# THE RECORDS
* * * * * * *

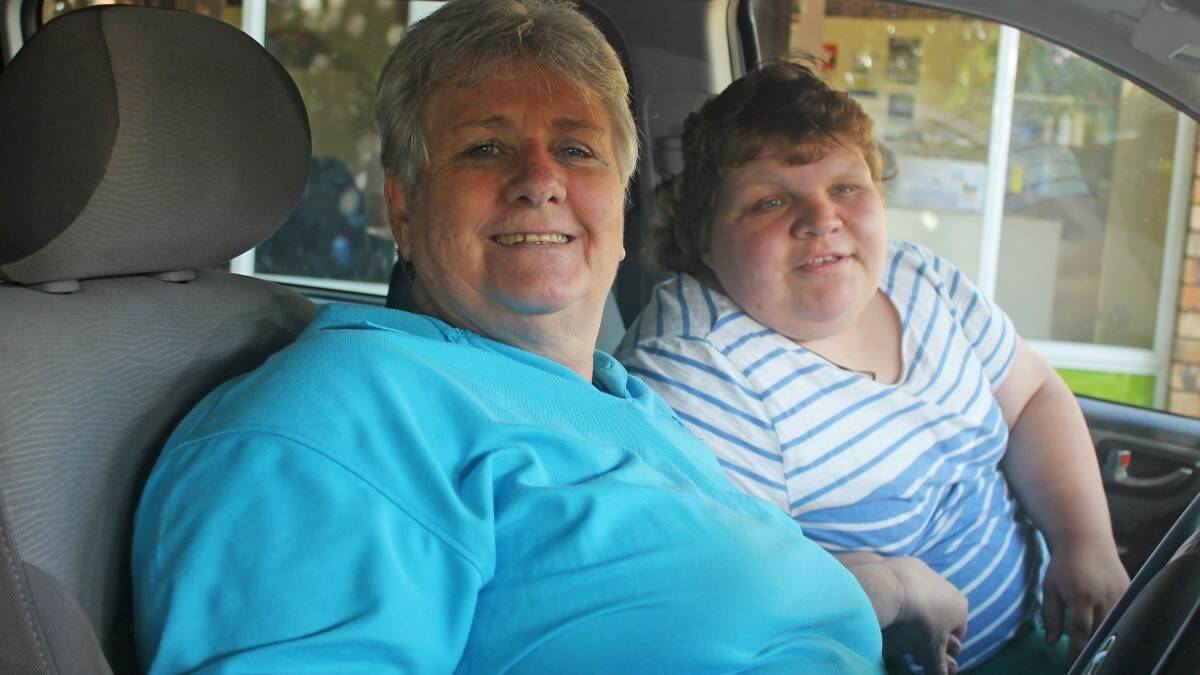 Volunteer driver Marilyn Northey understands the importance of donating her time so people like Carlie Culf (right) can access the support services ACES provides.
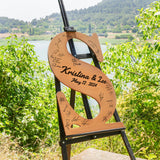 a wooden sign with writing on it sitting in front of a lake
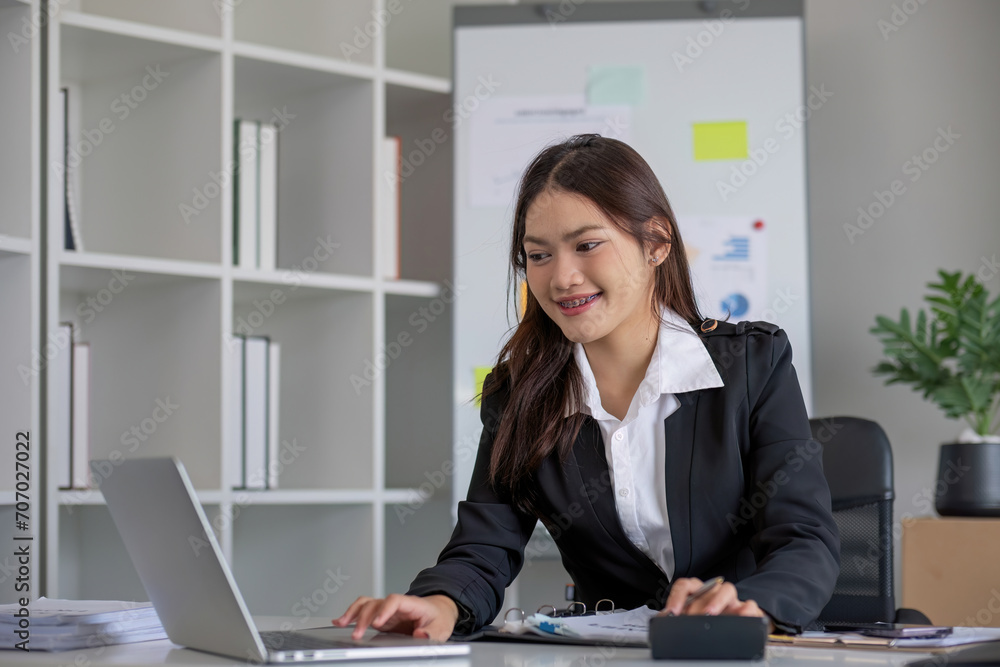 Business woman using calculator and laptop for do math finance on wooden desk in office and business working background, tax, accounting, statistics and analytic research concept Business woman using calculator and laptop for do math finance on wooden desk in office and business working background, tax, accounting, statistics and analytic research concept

* * * * * * *

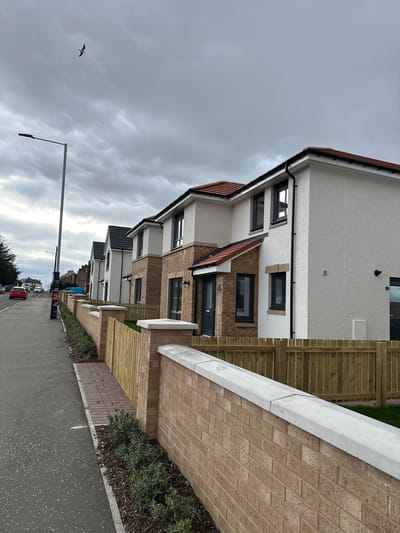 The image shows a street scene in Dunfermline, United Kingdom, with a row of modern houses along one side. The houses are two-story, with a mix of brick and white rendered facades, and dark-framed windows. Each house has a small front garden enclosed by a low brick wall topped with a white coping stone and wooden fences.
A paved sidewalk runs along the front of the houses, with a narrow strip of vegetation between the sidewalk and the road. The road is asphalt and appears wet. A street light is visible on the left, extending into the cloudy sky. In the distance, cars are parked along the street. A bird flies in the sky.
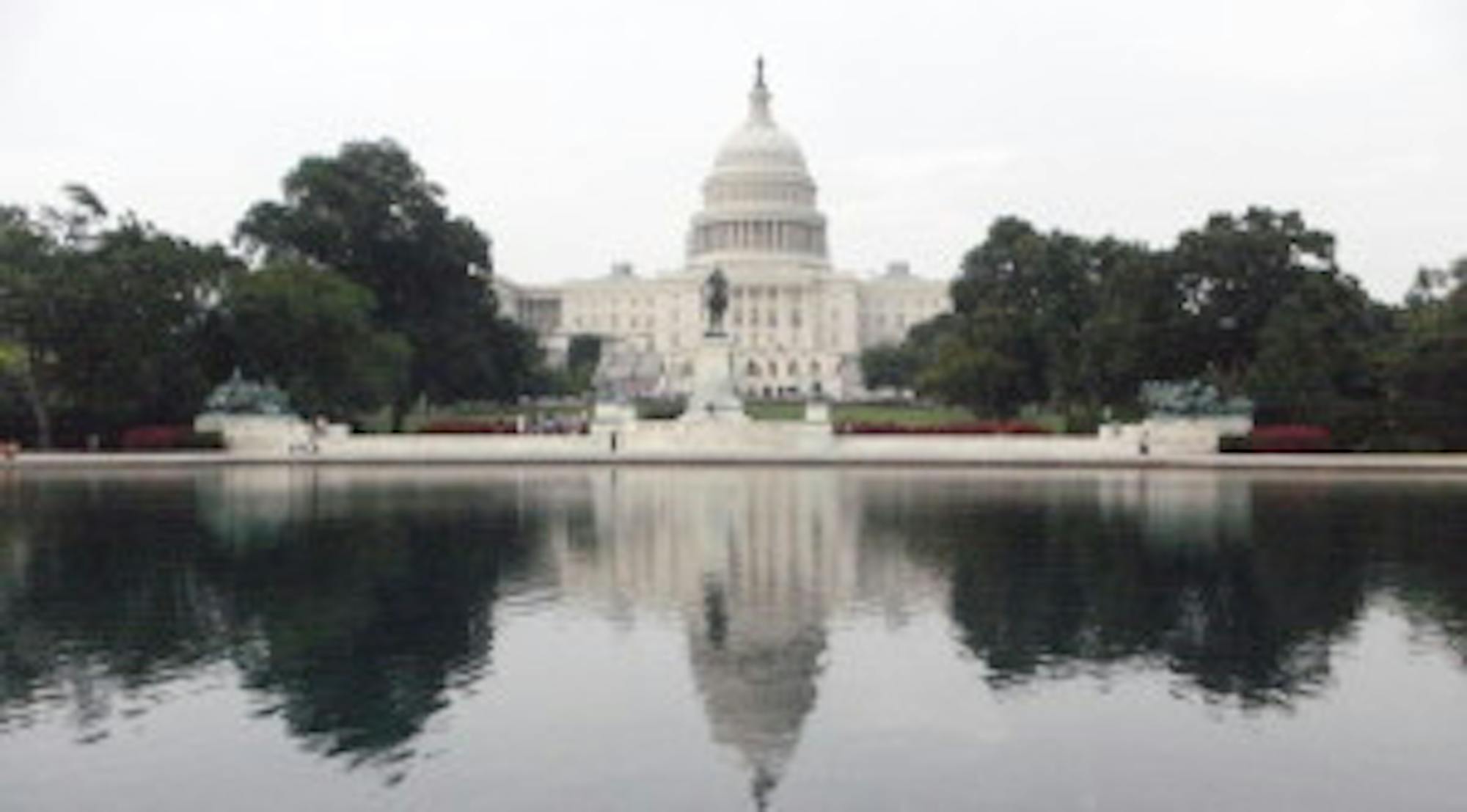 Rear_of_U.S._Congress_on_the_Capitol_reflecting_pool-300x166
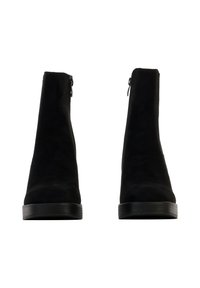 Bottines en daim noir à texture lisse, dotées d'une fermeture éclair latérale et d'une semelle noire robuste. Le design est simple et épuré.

* * * * * * *

# WHAT YOU HAVE TO DO
Repeat the lines above exactly, beginning with the one containing "Volunteer driver Marilyn" and finishing with the one containing "research concept Business". No pictures belong in the copy.

# WRITTEN ANSWER
 Volunteer driver Marilyn Northey understands the importance of donating her time so people like Carlie Culf (right) can access the support services ACES provides.
 a wooden sign with writing on it sitting in front of a lake
 Business woman using calculator and laptop for do math finance on wooden desk in office and business working background, tax, accounting, statistics and analytic research concept Business woman using calculator and laptop for do math finance on wooden desk in office and business working background, tax, accounting, statistics and analytic research concept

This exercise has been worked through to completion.